Community Data Science Course (Sprint 2019)/Day 7 Notes

From CommunityData
Revision as of 04:07, 15 May 2019 by Guyrt (talk | contribs)

We will be discussing this data set.


  • One of the most important qualities of the Scientific Revolution was that results were broadly shared, so new results could build on top of existing knowledge.
  • Repeatability is the key to science (even data science): your results are only scientific if they are repeatable by a third party.

Today's Lecture Let's go end to end on a data question: are there factors that predict injuries and fatalities in automobile accidents?

  • Download data
  • Explore the data: find missing values, identify categorical, numerical, ordinal data fields
  • Transform (filter, project)
  • Analyze

Download

import requests
   
url = 'https://data-seattlecitygis.opendata.arcgis.com/datasets/5b5c745e0f1f48e7a53acec63a0022ab_0.csv'
response = requests.get(url)
   
filehandle = open('~/Desktop/collisions.csv', 'w')
filehandle.write(response.content())
filehandle.close()


Opening a file is new. Note that "open" can open for reading or writing files. Be careful opening a file to write will erase that file. You can not get it back.

Explore Open the file in Excel.
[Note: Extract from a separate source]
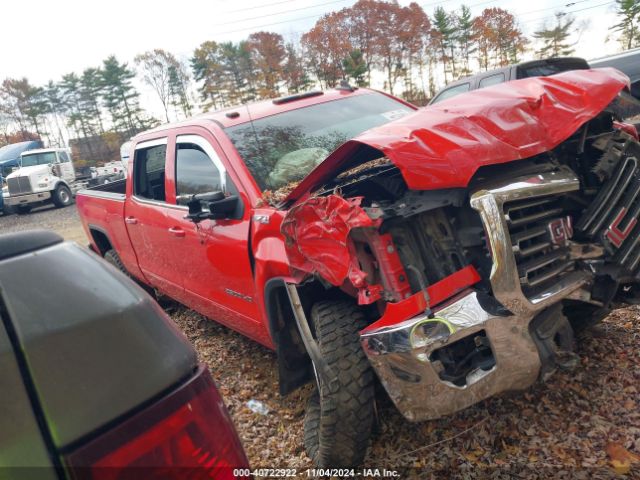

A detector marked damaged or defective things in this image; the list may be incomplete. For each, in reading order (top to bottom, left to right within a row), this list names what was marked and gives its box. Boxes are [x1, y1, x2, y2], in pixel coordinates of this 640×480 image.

crumpled red hood [286, 67, 632, 202]
damaged front end [282, 67, 640, 420]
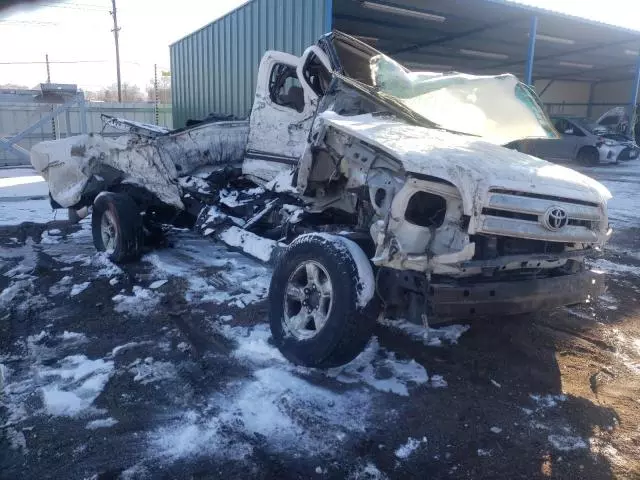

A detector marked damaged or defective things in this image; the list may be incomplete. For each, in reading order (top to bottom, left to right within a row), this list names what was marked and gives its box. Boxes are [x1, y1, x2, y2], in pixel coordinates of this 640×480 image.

What columns seem to be missing sometimes?

Find a categorical, numerical, and ordinal data field.


Read and Transform

In this section, we will read and transform the data.

Code to open a file and print the first column

file_handle = open('sdot_collisions_seattle.csv', 'r')   # open the csv file
for line in file_handle:                                 # loop through the file one line at a time.
    line_clean = line.strip()                            # remove the newline character at end of line
    line_clean_list = line_clean.split(',')              # split the line into parts using split
    print(line_clean_list[0])                            # print the first column of data for this row.


Code to open a file, select a subset of rows and columns, and write to a new file Figure out what this code does!

(You'll want to open this window in a wide browser)

file_handle = open('sdot_collisions_seattle.csv', 'r')   # open the csv file
header = file_handle.readline()
output_handle = open('sdot_collisitions_transformed.csv', 'w')    # NOTE this will overwrite 
for line in file_handle:                                 # loop through the file one line at a time.
    line_clean = line.strip()                            # remove the newline character at end of line
    line_clean_list = line_clean.split(',')              # split the line into parts using split
    if int(line_clean[17]) > 0:                          # If the integer value in columns 17 is greater than one then...
        output_handle.write(line)                        # write that line to the output.
output_handle.close()                                    # Close the output file after the loop.


Analyze We will answer together whether accidents involving cyclists or pedestrians are more likely to result in an injury.